• [EXERCISE]:
Could you transcribe exactly the lines below, from the line with "Quienes estén interesados" through the line with "KNIT COLOUR BLOCK DRESS - Image 2", and nothing else, leaving out the pictures?

• [DATA FOR THIS TASK]:
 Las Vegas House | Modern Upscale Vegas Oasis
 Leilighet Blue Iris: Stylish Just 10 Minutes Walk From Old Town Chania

--

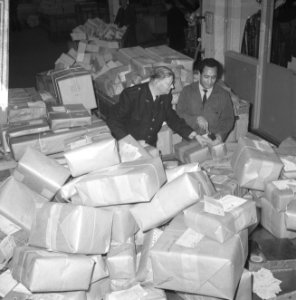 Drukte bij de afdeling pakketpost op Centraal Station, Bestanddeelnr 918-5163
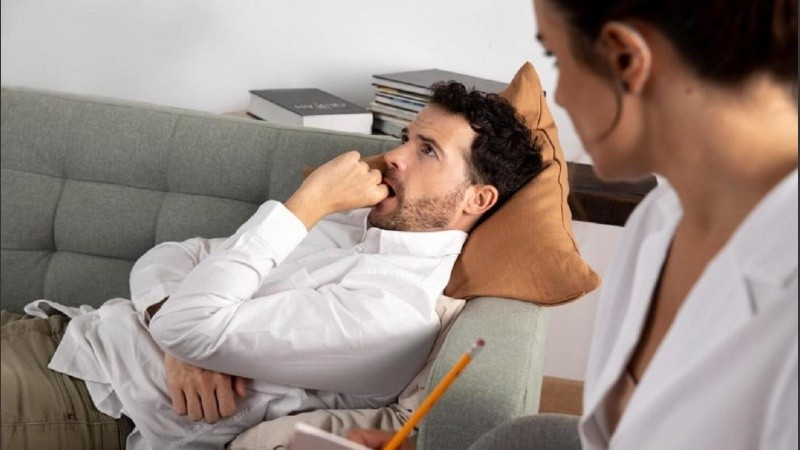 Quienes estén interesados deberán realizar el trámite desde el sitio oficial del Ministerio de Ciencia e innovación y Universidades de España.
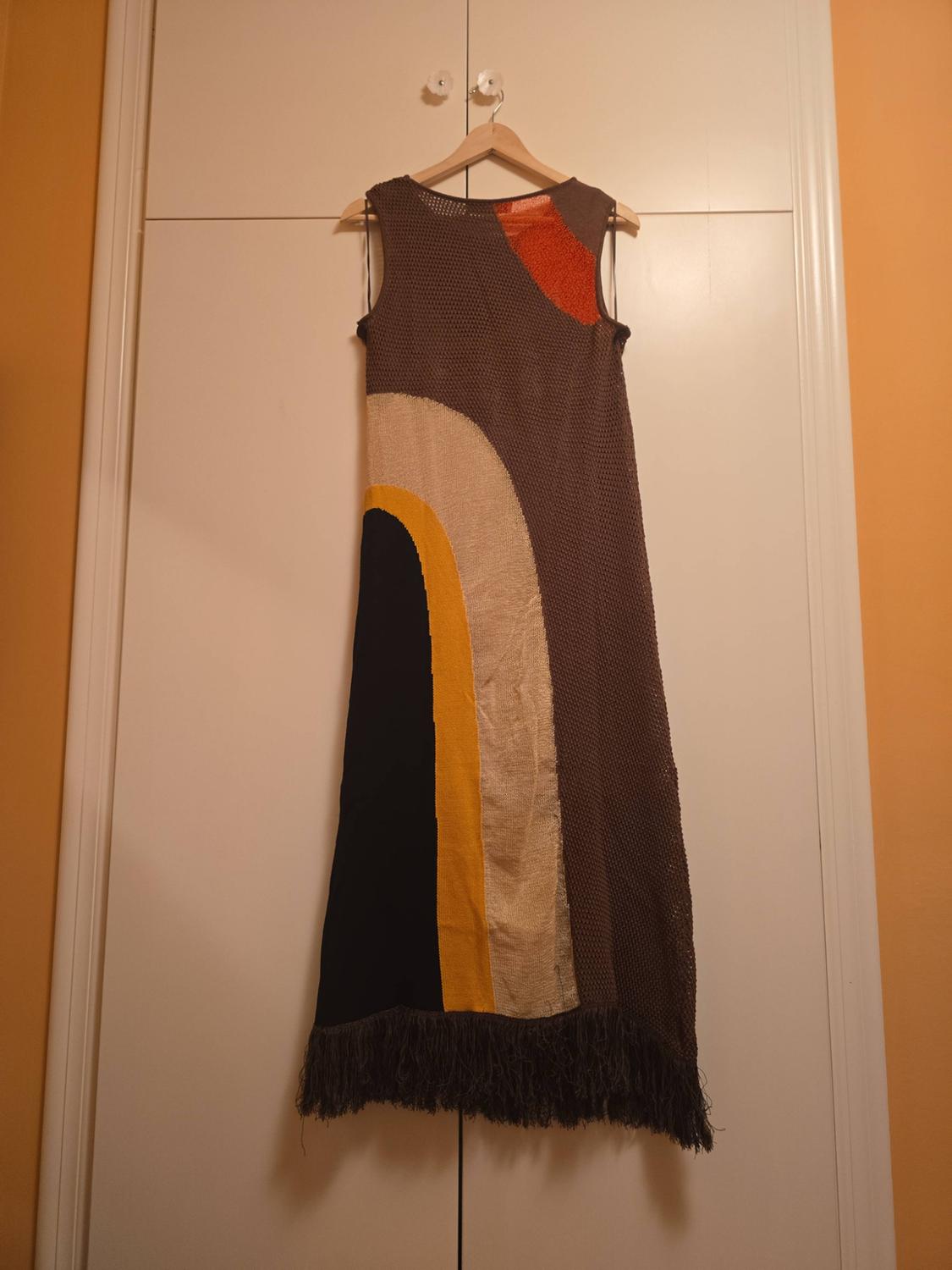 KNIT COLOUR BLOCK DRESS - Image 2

==

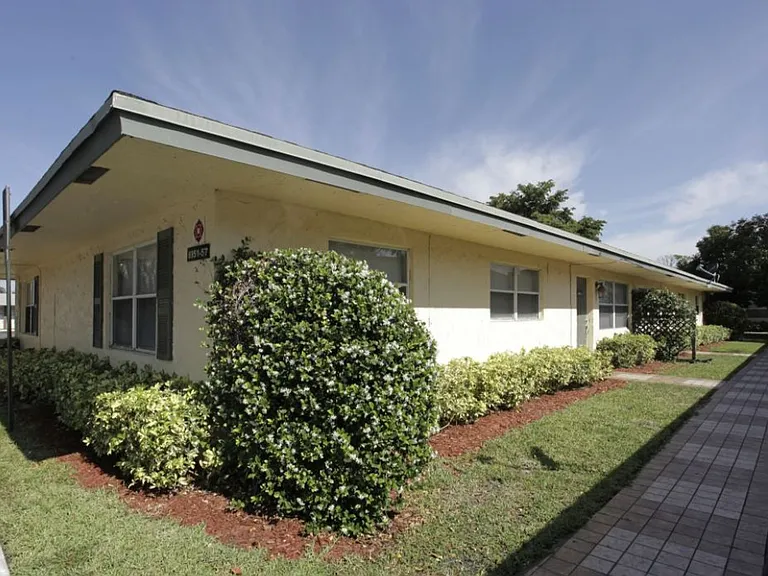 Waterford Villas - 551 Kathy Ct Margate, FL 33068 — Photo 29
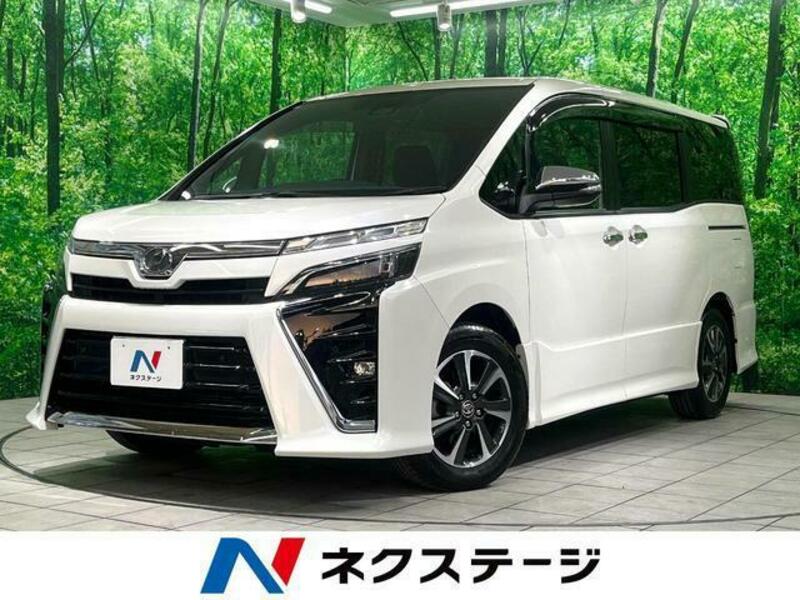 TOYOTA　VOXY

• [FINAL ANSWER]:
 Quienes estén interesados deberán realizar el trámite desde el sitio oficial del Ministerio de Ciencia e innovación y Universidades de España.
 KNIT COLOUR BLOCK DRESS - Image 2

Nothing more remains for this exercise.